### Provided material
----

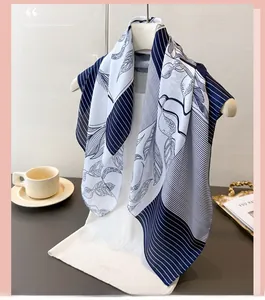 Detailed view of blue and white silk scarf with elegant leaf print hanging on display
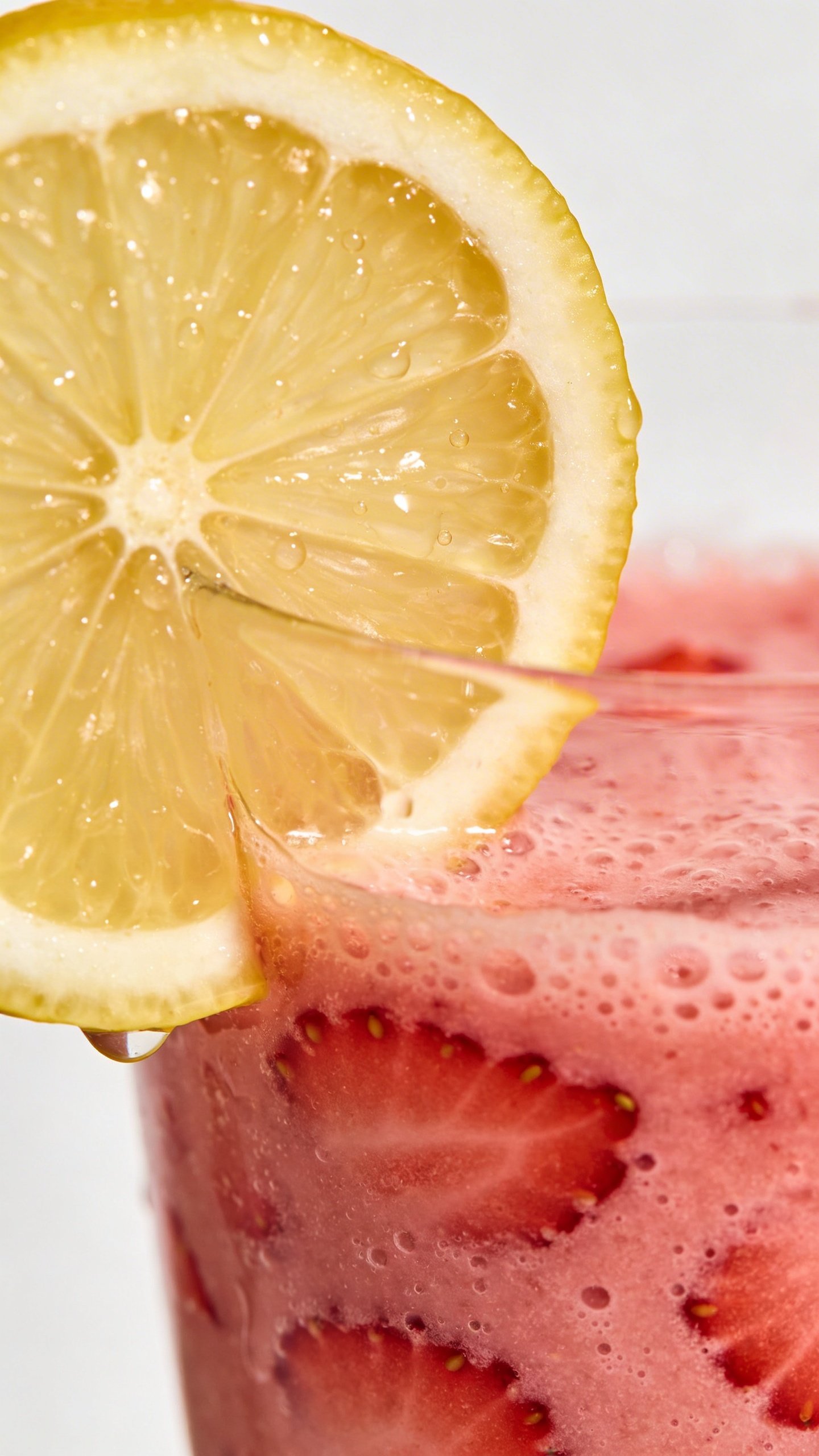 Macro shot lemon wedge garnish on strawberry smoothie, clean backdrop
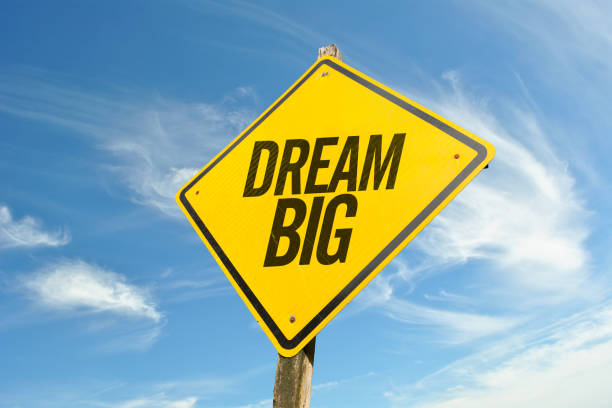 Dream Big Dream Big road sign wanted signal stock pictures, royalty-free photos & images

----

### About this task
Return every line shown above without changing a word, and skip the pictures.

### Answer to this problem
 Detailed view of blue and white silk scarf with elegant leaf print hanging on display
 Macro shot lemon wedge garnish on strawberry smoothie, clean backdrop
 Dream Big Dream Big road sign wanted signal stock pictures, royalty-free photos & images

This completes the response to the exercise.